E-mail tracking software generally works as follows. A sender embeds into an e-mail or an attachment a web beacon, web bug, or pixel tag—usually a single-pixel image, but now also non-pictorial elements such as a font or an embedded link. When the recipient opens the e-mail or attachment, the e-mail client or web browser sends a request to the sender’s server in order to load the information. The request conveys identifying information, which could include the recipient’s IP address, the geographical location of the recipient, the date and time the e-mail was opened, the type of web browser or e-mail reader used, and the operating system and ISP of the recipient. Some tracking software allows senders to hide from the recipient the fact the e-mail is being tracked. Also, certain software can track additional information beyond the original recipient, including information about those who opened the forwarded e-mail.

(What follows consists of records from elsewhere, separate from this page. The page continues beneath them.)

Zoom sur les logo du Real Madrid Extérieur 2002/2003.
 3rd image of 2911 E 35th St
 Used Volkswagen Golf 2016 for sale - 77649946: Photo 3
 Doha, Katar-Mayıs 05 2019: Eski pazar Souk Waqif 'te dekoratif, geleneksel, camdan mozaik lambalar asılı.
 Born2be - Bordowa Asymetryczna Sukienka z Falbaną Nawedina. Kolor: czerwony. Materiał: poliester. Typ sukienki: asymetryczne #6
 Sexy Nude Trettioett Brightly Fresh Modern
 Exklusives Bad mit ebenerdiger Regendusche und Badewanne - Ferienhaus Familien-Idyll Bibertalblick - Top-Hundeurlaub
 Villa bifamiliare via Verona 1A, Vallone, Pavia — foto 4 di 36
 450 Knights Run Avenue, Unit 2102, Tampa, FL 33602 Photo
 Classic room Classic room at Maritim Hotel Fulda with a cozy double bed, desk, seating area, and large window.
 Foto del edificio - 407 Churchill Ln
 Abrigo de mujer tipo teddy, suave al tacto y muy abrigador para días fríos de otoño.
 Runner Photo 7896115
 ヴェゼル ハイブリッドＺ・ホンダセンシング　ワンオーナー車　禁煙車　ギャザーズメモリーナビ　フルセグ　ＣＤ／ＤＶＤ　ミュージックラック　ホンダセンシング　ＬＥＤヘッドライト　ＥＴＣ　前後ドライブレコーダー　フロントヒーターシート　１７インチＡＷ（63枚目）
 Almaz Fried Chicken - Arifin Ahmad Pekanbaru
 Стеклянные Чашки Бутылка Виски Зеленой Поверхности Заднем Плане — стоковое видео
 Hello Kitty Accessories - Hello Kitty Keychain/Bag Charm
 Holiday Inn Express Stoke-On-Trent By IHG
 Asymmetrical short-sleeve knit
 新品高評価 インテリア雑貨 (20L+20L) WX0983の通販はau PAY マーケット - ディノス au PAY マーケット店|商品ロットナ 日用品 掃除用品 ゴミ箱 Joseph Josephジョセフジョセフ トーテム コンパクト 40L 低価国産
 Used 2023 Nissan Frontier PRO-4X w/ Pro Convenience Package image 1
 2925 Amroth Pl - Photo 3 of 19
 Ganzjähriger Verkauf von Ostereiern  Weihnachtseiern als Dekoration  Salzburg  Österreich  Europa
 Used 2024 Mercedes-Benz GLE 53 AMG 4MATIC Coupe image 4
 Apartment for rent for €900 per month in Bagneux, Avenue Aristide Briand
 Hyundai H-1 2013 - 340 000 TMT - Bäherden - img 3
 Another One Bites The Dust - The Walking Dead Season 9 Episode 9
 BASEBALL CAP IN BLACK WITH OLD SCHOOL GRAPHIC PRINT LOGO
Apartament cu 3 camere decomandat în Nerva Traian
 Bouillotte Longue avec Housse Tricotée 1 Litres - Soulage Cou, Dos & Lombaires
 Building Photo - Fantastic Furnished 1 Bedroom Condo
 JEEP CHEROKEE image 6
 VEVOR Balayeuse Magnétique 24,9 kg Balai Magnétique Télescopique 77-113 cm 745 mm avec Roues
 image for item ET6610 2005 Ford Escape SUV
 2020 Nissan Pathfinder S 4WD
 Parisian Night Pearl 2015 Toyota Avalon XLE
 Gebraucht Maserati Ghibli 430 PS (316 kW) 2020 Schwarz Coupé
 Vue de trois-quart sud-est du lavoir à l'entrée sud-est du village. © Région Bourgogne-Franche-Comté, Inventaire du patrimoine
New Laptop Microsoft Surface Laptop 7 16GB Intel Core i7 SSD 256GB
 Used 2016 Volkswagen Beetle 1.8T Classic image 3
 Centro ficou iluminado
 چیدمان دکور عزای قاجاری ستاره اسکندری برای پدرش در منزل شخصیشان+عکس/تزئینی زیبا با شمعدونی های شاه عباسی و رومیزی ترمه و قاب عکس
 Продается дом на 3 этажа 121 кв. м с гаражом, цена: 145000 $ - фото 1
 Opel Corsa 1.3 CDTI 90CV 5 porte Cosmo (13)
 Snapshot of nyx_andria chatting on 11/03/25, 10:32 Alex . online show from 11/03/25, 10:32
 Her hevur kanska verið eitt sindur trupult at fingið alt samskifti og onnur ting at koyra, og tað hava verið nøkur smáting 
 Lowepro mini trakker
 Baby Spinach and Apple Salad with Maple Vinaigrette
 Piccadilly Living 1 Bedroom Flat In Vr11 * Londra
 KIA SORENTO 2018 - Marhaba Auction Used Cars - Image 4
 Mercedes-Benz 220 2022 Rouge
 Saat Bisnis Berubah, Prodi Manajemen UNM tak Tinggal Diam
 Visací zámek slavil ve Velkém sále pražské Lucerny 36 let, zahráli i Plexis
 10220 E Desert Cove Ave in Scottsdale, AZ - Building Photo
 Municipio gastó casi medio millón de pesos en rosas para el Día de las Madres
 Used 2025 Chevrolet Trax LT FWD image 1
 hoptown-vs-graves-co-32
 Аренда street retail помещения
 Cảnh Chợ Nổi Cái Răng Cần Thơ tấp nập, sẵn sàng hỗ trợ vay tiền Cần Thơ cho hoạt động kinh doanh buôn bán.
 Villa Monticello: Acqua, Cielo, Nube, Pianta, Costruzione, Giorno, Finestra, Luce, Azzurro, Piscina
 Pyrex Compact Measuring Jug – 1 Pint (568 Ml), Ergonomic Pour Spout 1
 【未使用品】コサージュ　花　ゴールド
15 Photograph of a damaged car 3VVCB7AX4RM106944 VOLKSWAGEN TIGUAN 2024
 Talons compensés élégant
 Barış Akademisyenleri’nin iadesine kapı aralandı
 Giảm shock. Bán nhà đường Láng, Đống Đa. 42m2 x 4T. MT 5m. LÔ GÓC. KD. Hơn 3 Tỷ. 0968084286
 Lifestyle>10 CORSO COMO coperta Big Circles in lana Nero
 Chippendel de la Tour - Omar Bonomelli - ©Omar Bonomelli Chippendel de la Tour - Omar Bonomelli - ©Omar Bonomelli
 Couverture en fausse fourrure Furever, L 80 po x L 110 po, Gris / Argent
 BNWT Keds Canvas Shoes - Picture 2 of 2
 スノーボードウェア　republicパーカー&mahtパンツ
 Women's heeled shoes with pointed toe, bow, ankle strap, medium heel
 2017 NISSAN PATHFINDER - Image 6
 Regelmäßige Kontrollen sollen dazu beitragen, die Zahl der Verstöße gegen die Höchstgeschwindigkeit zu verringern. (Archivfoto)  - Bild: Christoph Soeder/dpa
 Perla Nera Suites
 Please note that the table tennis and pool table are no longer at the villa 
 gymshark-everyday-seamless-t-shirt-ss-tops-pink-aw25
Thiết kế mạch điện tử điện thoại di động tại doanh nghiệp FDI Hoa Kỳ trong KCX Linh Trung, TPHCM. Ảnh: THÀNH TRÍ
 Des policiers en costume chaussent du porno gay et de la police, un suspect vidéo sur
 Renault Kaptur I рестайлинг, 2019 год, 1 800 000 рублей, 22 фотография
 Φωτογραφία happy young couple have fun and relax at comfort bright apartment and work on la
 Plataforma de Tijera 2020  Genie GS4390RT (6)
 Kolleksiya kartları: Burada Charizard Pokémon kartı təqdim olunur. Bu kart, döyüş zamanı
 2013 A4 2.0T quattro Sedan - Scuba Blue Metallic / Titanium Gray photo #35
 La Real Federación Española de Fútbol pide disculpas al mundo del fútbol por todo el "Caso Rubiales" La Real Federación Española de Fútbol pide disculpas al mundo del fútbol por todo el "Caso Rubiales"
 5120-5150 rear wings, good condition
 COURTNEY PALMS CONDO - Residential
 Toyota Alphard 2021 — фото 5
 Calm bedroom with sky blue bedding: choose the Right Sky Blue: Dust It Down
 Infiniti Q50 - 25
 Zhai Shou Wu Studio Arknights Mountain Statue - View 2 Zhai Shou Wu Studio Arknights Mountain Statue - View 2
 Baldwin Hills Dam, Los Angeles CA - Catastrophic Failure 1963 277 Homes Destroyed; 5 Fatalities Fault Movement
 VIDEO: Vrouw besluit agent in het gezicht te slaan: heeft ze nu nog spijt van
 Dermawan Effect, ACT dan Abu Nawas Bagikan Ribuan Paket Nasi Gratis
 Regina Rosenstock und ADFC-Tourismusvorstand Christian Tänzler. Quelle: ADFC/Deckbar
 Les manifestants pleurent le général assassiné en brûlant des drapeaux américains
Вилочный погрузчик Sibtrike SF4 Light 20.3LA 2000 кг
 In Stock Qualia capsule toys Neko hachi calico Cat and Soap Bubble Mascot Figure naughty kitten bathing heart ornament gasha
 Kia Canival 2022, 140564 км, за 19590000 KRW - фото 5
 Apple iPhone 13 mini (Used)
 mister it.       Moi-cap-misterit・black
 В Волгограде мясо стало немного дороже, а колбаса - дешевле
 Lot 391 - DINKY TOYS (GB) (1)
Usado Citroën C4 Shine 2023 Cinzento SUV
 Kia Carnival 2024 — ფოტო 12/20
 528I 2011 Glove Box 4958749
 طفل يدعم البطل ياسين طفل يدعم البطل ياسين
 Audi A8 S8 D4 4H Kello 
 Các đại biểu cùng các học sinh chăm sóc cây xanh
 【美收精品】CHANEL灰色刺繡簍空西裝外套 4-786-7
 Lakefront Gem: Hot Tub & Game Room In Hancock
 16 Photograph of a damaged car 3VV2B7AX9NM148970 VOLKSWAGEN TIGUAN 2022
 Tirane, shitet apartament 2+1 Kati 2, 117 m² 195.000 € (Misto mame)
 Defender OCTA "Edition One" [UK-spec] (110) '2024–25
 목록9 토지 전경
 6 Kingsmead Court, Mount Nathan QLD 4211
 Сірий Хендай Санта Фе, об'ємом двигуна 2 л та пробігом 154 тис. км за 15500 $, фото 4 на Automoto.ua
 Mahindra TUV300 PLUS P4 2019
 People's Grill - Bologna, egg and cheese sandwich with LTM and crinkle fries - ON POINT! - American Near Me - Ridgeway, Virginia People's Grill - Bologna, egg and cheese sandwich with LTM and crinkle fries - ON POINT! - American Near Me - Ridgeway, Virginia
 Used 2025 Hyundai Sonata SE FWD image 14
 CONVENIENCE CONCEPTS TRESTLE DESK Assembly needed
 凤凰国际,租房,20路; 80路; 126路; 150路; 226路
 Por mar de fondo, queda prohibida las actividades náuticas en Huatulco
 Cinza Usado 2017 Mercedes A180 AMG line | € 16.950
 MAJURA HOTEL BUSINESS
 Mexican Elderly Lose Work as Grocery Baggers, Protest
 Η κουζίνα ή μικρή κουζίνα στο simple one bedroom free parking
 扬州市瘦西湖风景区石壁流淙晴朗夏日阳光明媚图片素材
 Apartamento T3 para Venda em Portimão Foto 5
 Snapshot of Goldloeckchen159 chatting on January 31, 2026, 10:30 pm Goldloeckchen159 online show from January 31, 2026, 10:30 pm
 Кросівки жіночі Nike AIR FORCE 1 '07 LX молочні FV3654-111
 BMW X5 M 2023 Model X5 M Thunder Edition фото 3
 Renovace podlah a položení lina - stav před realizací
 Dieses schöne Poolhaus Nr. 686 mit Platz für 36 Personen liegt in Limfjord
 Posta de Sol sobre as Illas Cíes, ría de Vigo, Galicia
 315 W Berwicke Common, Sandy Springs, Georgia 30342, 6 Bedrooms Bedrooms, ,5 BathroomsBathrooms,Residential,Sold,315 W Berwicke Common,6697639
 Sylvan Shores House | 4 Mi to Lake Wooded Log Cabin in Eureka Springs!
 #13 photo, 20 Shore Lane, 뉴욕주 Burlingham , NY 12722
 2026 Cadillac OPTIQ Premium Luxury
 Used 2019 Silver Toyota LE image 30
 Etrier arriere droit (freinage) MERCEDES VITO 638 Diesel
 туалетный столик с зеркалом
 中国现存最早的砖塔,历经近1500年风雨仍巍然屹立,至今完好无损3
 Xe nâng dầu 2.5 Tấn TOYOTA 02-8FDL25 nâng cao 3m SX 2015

Three State Bar Associations have concluded that the use of e-mail tracking software raises several red flags under the Rules of Professional Conduct, and have, consequently, determined that their state’s lawyers should not use such software. For instance, in Alaska Bar Association Opinion No. 2016-1, the Alaska Bar Association determined that “[t]he use of a tracking device that provides information about the use of documents - aside from their receipt and having been ‘read’ by opposing counsel - is a violation of Rule 8.4 and also potentially impermissibly infringes on the lawyer’s ability to preserve a client’s confidences as required by Rule 1.6.” The Bar Association determined that the use of e-mail tracking software is deceptive, because “[i]f the tracking device is performing as designed, a lawyer will have no idea that the sending lawyer is tracking the lawyer’s handling of the communication.” A “bugged” e-mail may also, unknowing to the receiving attorney or their client, reveal the client’s location, which intrudes on the lawyer’s ability to preserve a client’s confidences or secrets. The Bar Association even admonished the disclosed use of “bugged” e-mails when communicating with opposing counsel, concluding that such a use is still dishonest and unethical.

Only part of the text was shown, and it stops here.